In an ongoing effort to provide flexibility for truck drivers, the U.S. Department of Transportation is altering some hours of service (HOS) rules. The DOT's Federal Motor Carrier Safety Administration (FMCSA) published final rules June 1, 2020 and the new hours of service regulations go into effect September 29, 2020. 

The new rules, which came out of a 2018 rulemaking inquiry to determine if HOS revisions could remove burdens on drivers, will result in regulatory savings of more than $270 million, the FMCSA estimates. 

 

Understanding the HOS Changes

The new rules affect four areas: Short-Haul; Adverse Driving Conditions; 30-Minute Breaks; and Sleeper Berths. Here are the changes that these areas will experience. 

 

  Short-Haul Exception

Those CDL carriers that use the short-haul exception and therefore are not required to use a RODS (record of duty status) or ELDs (electronic logging device), will see two changes. The new rules 1) extend the maximum driving distance allowed from a 100 air-mile to a 150 air-mile radius, 2) extend the maximum duty period from 12 to 14 hours. 

  Adverse Driving Conditions Exception

Under the new rules, "Adverse Driving Conditions" get a slightly new definition. The new rule describes Adverse Driving Conditions as "snow, ice, sleet, fog, or other adverse weather conditions or unusual road or traffic conditions that were not known or could not reasonably be known to a driver or motor carrier." The previous rule did not include the role of the driver and specified that the exception only applied when adverse driving conditions were unforseeable

Additionally, the updated rules extend the duty day by two (2) hours when such adverse conditions occur. This two-hour extension applies to both property and passenger carriers. 

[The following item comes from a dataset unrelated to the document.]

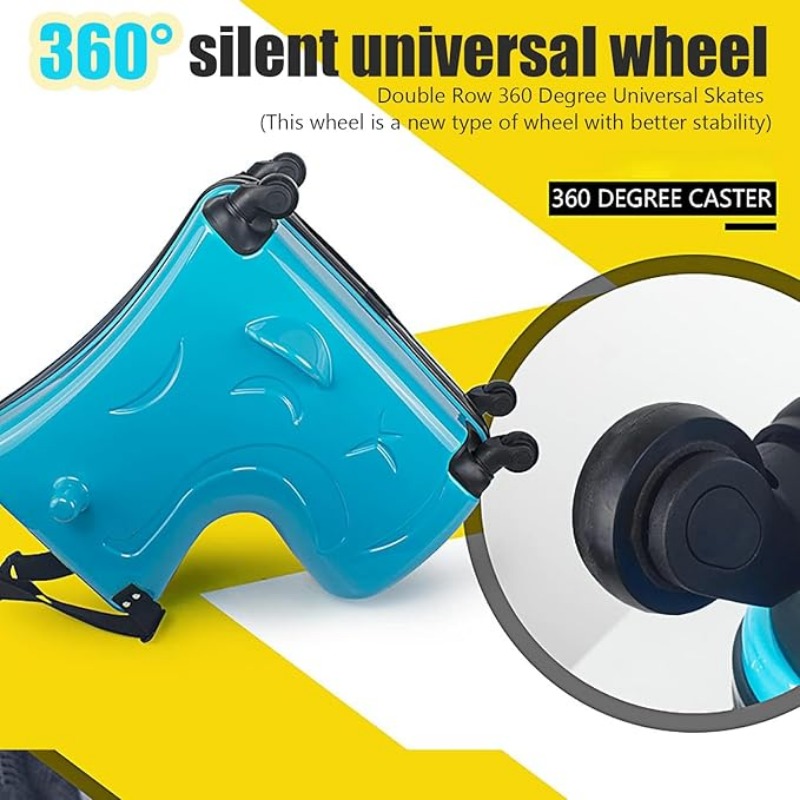 Luggage For Kids Scooter With Removable Seat Belt Pedal Cabin Size 1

  30-Minute Break Requirement

Under the new rule, drivers need to take a 30-minute break after driving for a total of 8 hours without at least a 30-minute break. The 8-hour driving time does not need to be consecutive; additionally, an "on-duty, not driving" period qualifies for the 30-minute break. 

The prior rule specified that drivers carrying property were required to take a 30-minute break after 8 hours "on-duty." 

  Sleeper Berth Provision

The last HOS change allows drivers to split the 10-hour off-duty requirement into two periods: 1) One off-duty period (whether in or out of the sleeper berth) is at least 2 hours long; 2) The other off-duty period is at least 7 consecutive hours in the sleeper berth. That means drivers can split the requirement as 7 hours Sleeper Berth/3 hours off-duty or 8 hours Sleeper Berth/2 hours off-duty. 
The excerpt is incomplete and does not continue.